Il consigliere comunale Mario Chiavola del Pd ha raccolto le segnalazioni di numerosi automobilisti: attese sino a 40 minuti
“Nell’era in cui mandiamo sonde nello spazio e le facciamo ammarare nell’Oceano Pacifico, a Ragusa c’è ancora un passaggio a livello che collega una strada statale – la SS 194, arteria fondamentale tra Ragusa e Giarratana – che rimane chiuso per quasi un’ora perché il comando arriva da Palermo”.

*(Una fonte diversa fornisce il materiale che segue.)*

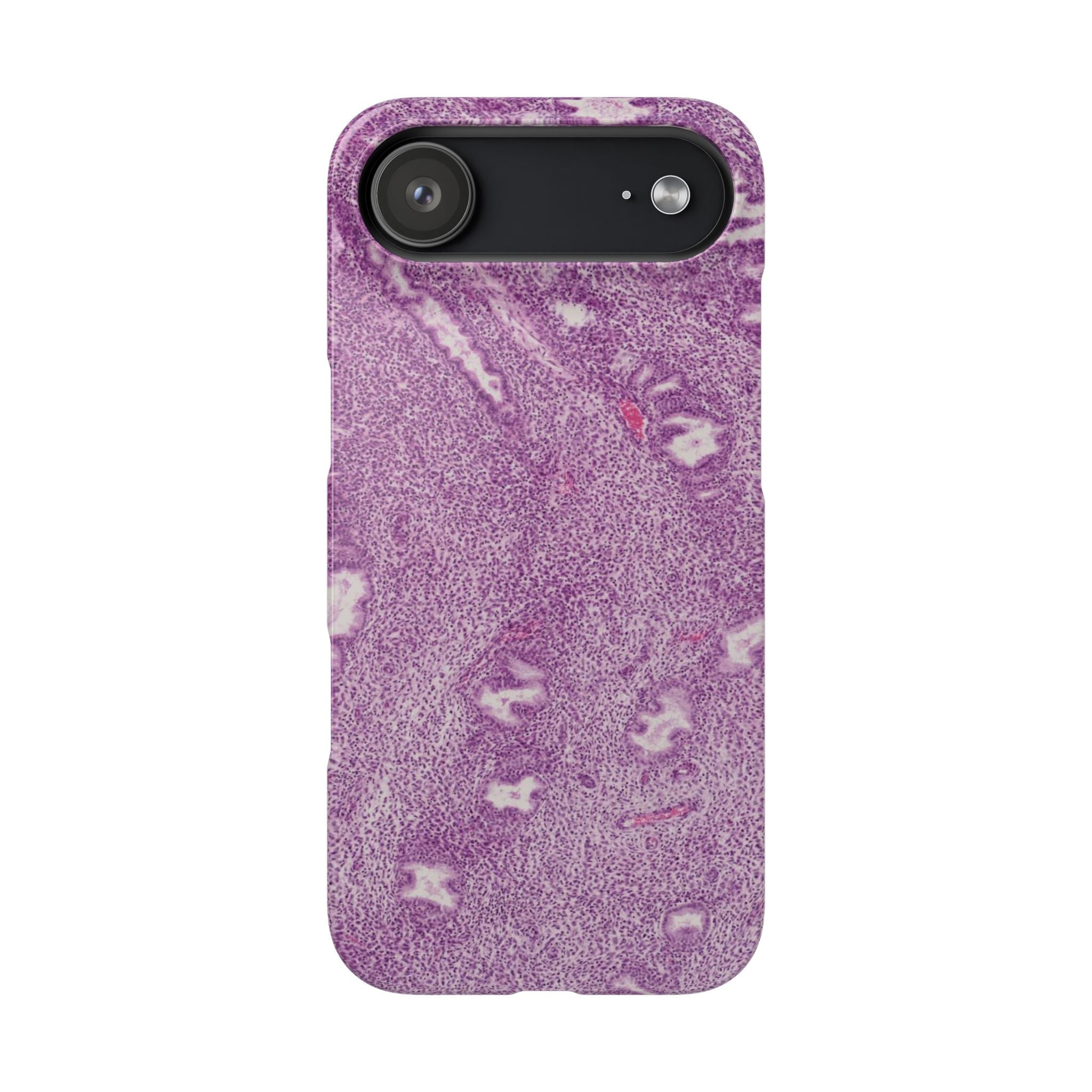 Slim Case Endometrium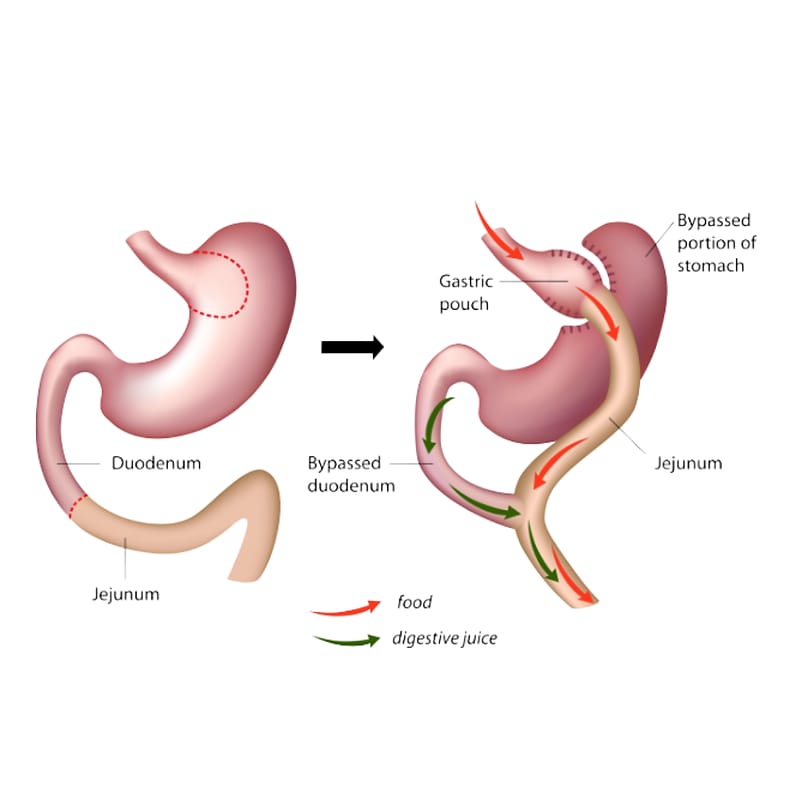 Diagram of a Roux-en-Y gastric bypass, showing the gastric pouch, bypassed stomach and rerouted jejunum.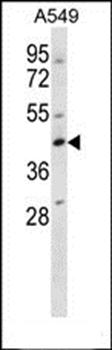WDR45 antibody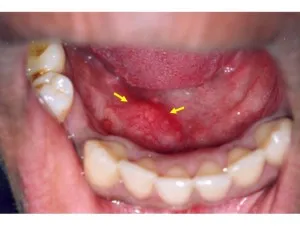 Ptyalolithiasis - pietre în simptomele glandelor salivare și tratamentul cu fotografii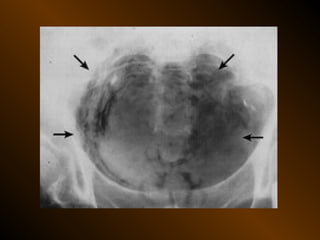 Xq bung cap dai cuong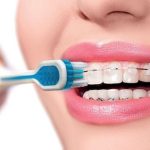 Bỏ niềng răng giữa chừng để lại hậu quả nghiêm trọng không?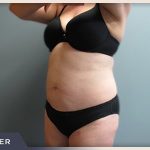 Liposuction Before & After Patient #770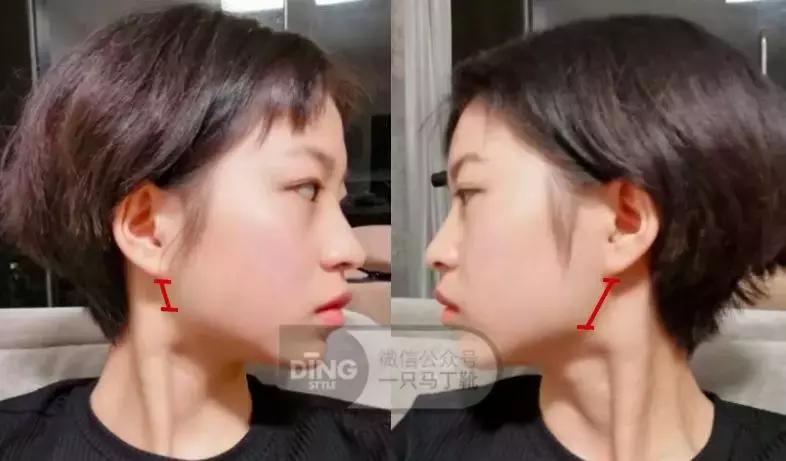 脸大小不对称怎么矫正,如何改善大小脸不对称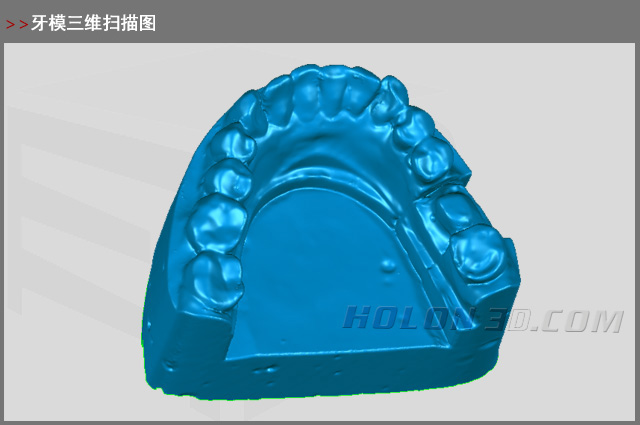 牙模三維掃描圖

È la dura denuncia del consigliere comunale del Pd, Mario Chiavola, che riporta all’attenzione una criticità che da anni esaspera residenti, pendolari e lavoratori delle contrade di San Giacomo, dell’area della diga e dei territori limitrofi.

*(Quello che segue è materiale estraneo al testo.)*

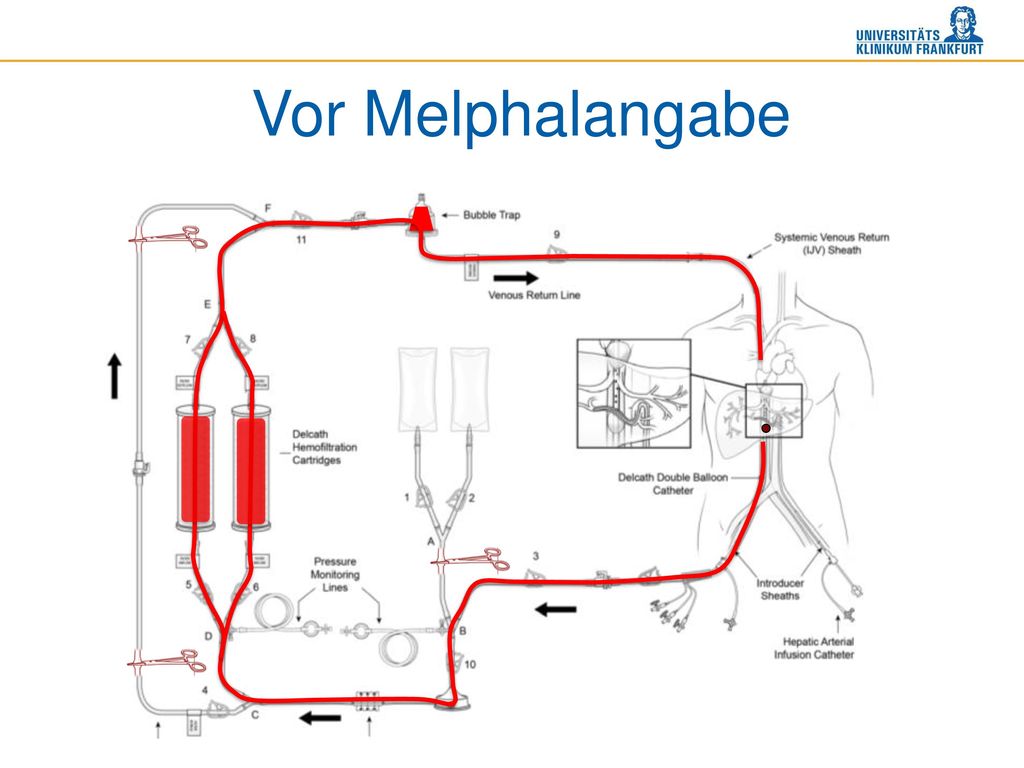 Vor Melphalangabe Vor der Gabe des Zytostatikums werden die beiden Filter nacheinander mit Blut geflutet.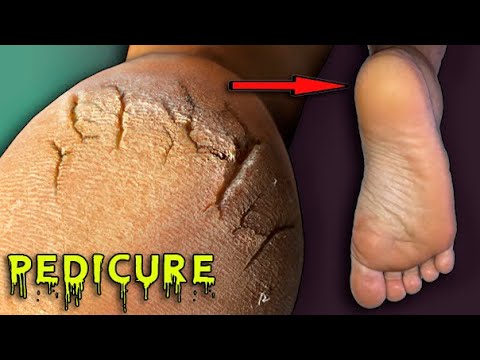 👣ПЕДИКЮР Пошагово. ТРЕЩИНЫ НА ПЯТКАХ. педикюр ДОМА. DIY Pedicure at Home. Extremely Calloused Feet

Secondo numerose segnalazioni, le barriere all’attraversamento ferroviario della stazione di Ibla, negli ultimi giorni, sarebbero rimaste abbassate per 30–45 minuti senza che sopraggiungesse alcun convoglio.

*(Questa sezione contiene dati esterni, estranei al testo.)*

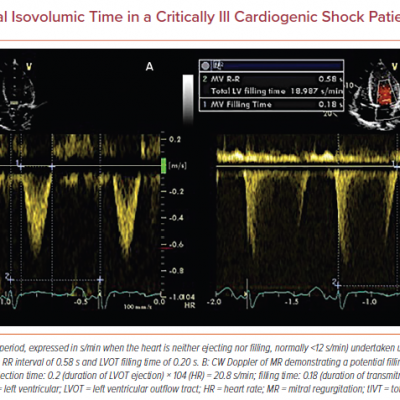Calculation of Total Isovolumic Time in a Critically Ill Cardiogenic Shock Patient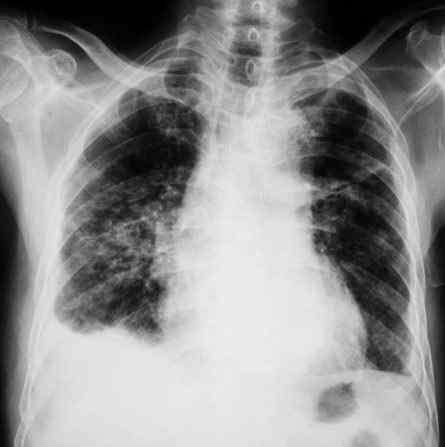 肺感染老人去世前表现 单田芳、杨绛等多位名人因肺部感染去世 警惕这几个症状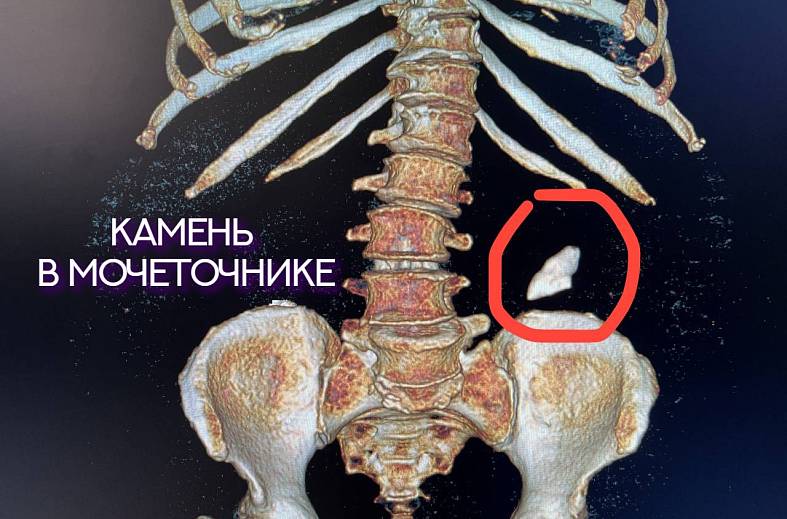 КТ мочевыводящих путей, экскреторная урография (почки, мочеточники, мочевой пузырь, лимфатические узлы)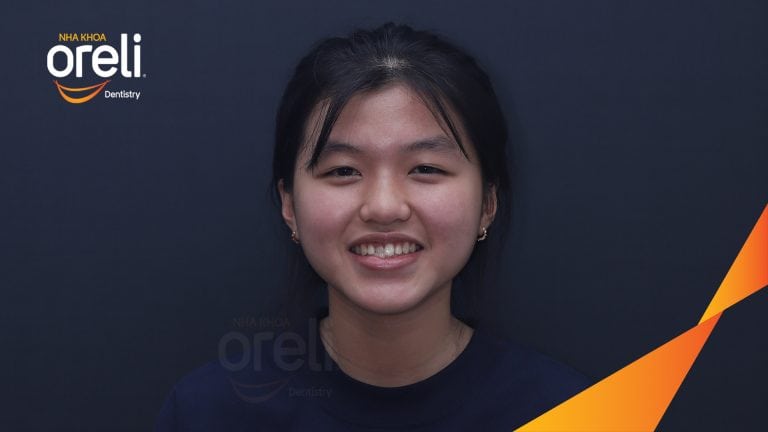 Ca niềng chỉnh cắn ngược răng cửa cho nụ cười đẹp tại Oreli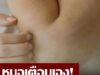 ควรระวัง!! ร่างกายมีอาการคัน 2 ส่วนนี้ อาจเป็นสัญญาณของ “มะเร็งตับ” ไม่ใช่อาการแพ้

“Alcuni automobilisti hanno chiamato i numeri di riferimento delle Ferrovie a Palermo. La risposta? ‘Penso che ora stia passando il treno’. Ma il treno era già passato da mezz’ora. Solo dopo quella telefonata le sbarre sono state aperte. Una situazione allucinante”, afferma Chiavola.
Il consigliere ricorda che non si tratta di un fenomeno episodico: “I residenti avevano tirato un sospiro di sollievo quando, per un anno, la linea ferroviaria era chiusa. Ma ora tutto è tornato come prima. E non parliamo di un episodio isolato: a volte succede due volte nella stessa settimana. Ogni volta che si arriva lì e si trova il passaggio a livello chiuso, si prova un’ansia bestiale”.
Nel mirino anche le modalità di gestione a distanza: “Mi è stato riferito che il comando di chiusura arriva da Palermo perché la stazione è un punto di snodo. Ma spesso le sbarre vengono abbassate senza che passi alcun treno. È una banalità che diventa un’assurdità quando blocca una strada statale e centinaia di persone”.
Chiavola ricorda di aver più volte sollecitato il tema in Consiglio comunale: “Ho chiesto più volte al sindaco perché non intervenga presso le Ferrovie per capire le ragioni di questo disservizio. Se davvero Ragusa vuole parlare di intermodalità ferroviaria, di metropolitana di superficie e di futuro della mobilità, non può ignorare un problema così elementare e così impattante sulla vita quotidiana dei cittadini”.
La chiosa è amara: “Vent’anni fa c’era il casellante e queste cose non succedevano. Oggi, con tutta la tecnologia disponibile, ci ritroviamo con un passaggio a livello che si chiude dimenticandoselo, senza logica e senza controllo. È ora che il Comune faccia la sua parte e pretenda risposte chiare dalle Ferrovie dello Stato”.